Corbett confirms he will be missing for up to six weeks with cracked ribs
“I actually don’t know who it was when I was on the ground and after when I got up the ribs were just sore.”
The 2010 hurler of the year slips quietly into the room with that disarming smirk of his and sits among us. We start with an easy one for Mr Corbett.
How’s the body, Lar? “The finest.”
Prognosis? “Fractured rib.”
Just the one? “It could be two.”
Six week job? “Six weeks, yeah, that’s what they are saying.”
He sounds like a hostile witness. He isn’t. He’s as unique as they come. Different doesn’t cover Larry Corbett. Neither does odd. Engaging is a start. Richard Prior comic timing.
Problems and rumours shadow his every turn.

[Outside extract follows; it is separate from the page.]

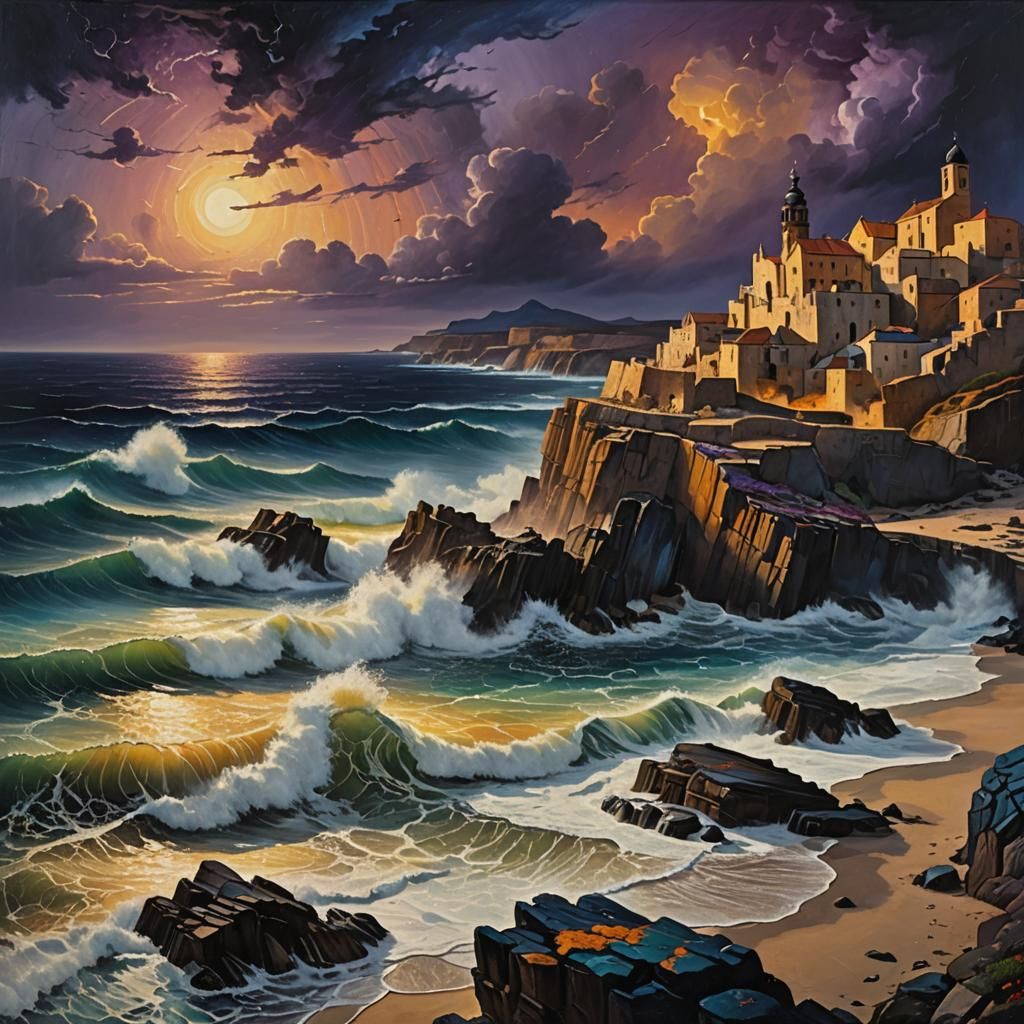 Dramatic Rocky Coastline Sunset in Expressive Style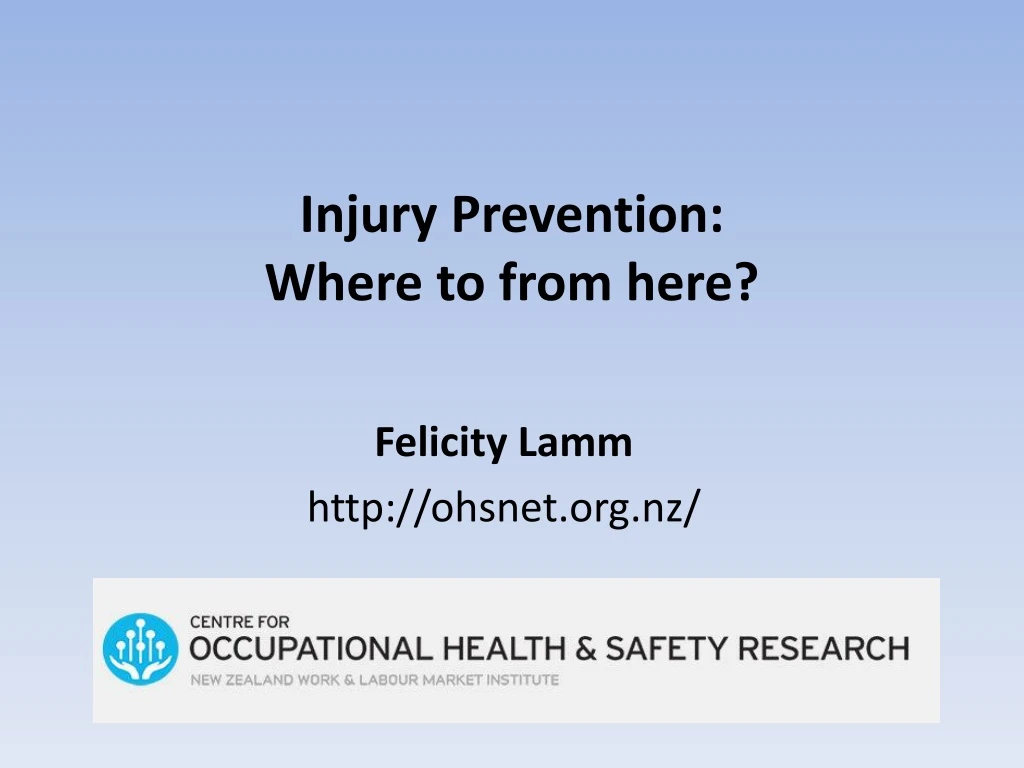 injury prevention where to from here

If Tipperary are to make another Munster hurling final, they must beat Limerick at their very own Gaelic Grounds in five weeks time.
So, no Corbett?
“That is what they are saying. That it is four to six weeks but I am not ruling out anything.”

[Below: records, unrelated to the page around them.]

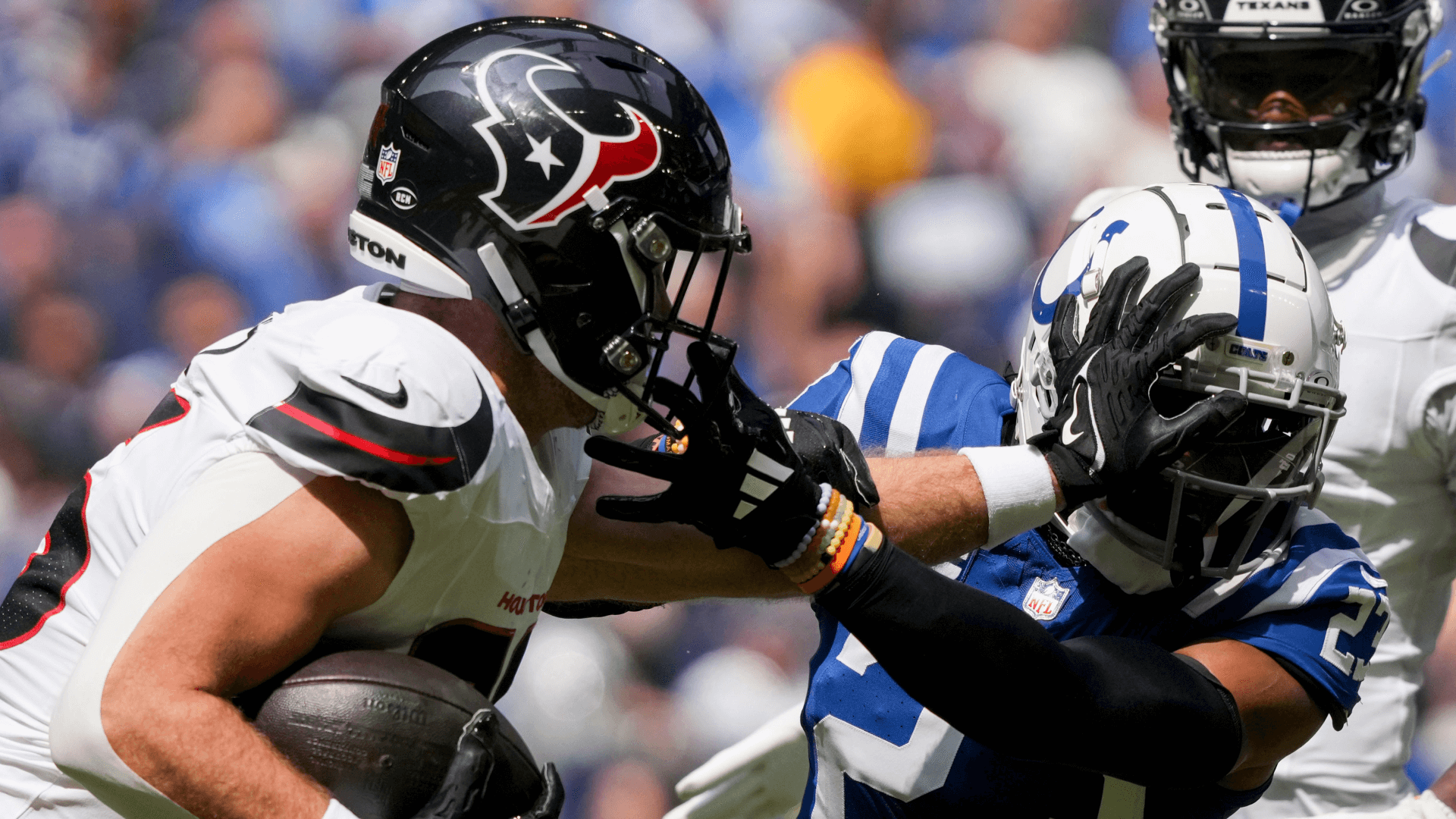 Houston Texans tight end Dalton Schultz (86) pushes off of Indianapolis Colts cornerback Kenny Moore II (23).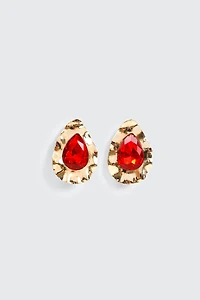Ardene Red Stone Teardrop Earrings in Gold | Stainless Steel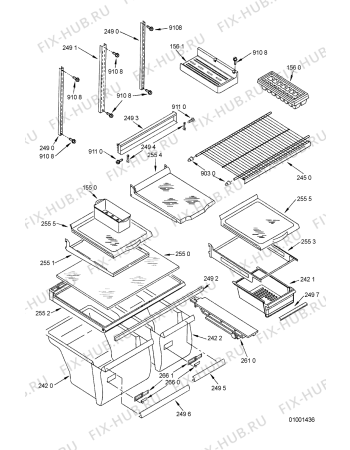 Схема №4 ARG 477/G с изображением Полка для холодильника Whirlpool 481902195500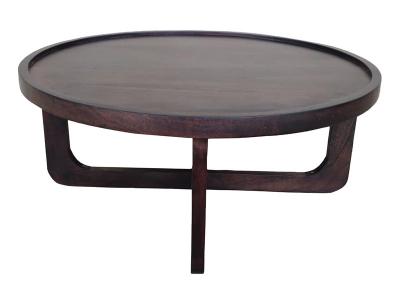 33" Corcoran Round Acacia Coffee Table in Dark Brown Mahogany - ZC-033-DB-R-BOI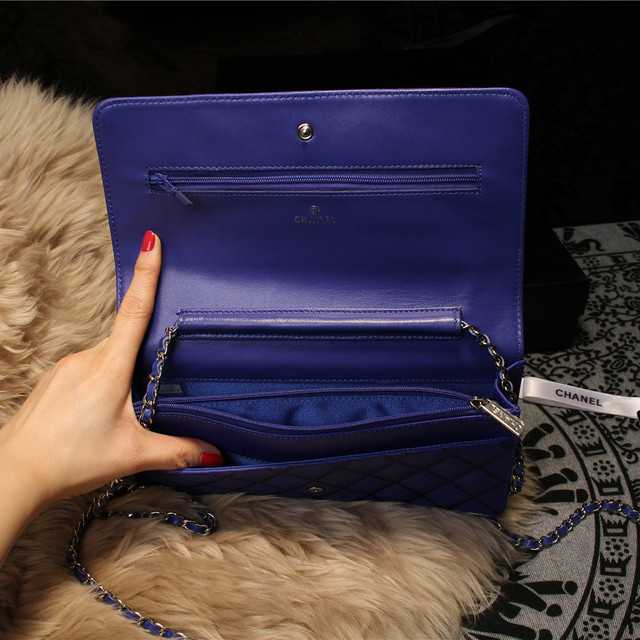 Chanel Matelasse Wallet Sheepskin Leater A80139 Royal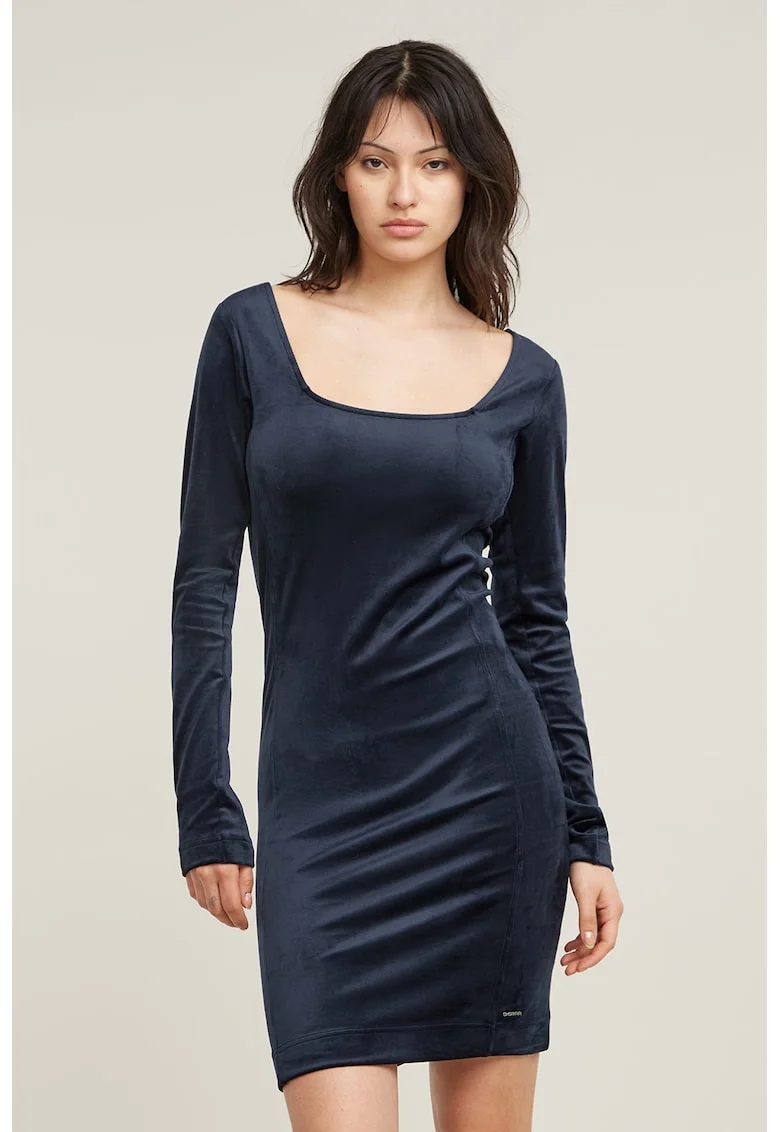 Rochie scurta cu aspect de catifea, Bleumarin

Then there is that looming one match ban and potential appeal process.
“It’s going to be up to the Tipperary county board and whatever their decision is there. My job is if I am picked, whenever that is next, is to perform and whatever happens off the field they look after that.”
Corbett was sent off, along with Kilkenny JJ Delaney, during last Sunday’s league final. During that melee, he suffered two cracked ribs.
“It just happened at their end during the confrontation in the game.”
Omertá was the order of the day at yesterday announcement that Liberty Insurance have become title sponsors of hurling and camogie.
He refused to point the finger at Delaney or any other Kilkenny forward.
“I actually don’t know who it was. (It was) when I was on the ground and after when I got up the ribs were just sore.”
After all these years following, or being followed, around fields by Tommy Walsh, Jackie Tyrell or JJ Delaney, does he get on with the Kilkenny hurlers?
“Yeah. We don’t meet each other much but it’s on the trips there, that ye all go on every year. We get to go every now and again. It’s grand like.
“You know them trips ye go on?”
He means the All Star tour.
“We have to forget about it, lads. Focus on Limerick in five weeks time.”
The problem is nobody can move on. Not while the referee Barry Kelly’s report is pending. It makes Limerick on June 9th out of Corbett’s reach. Because of the incident. Because of the ribs.
Switching to hurling matters, the focus comes down on Corbett’s fellow forwards failing to fire in Nowlan Park. Four of them were replaced by manager Eamon O’Shea, a fifth was red carded.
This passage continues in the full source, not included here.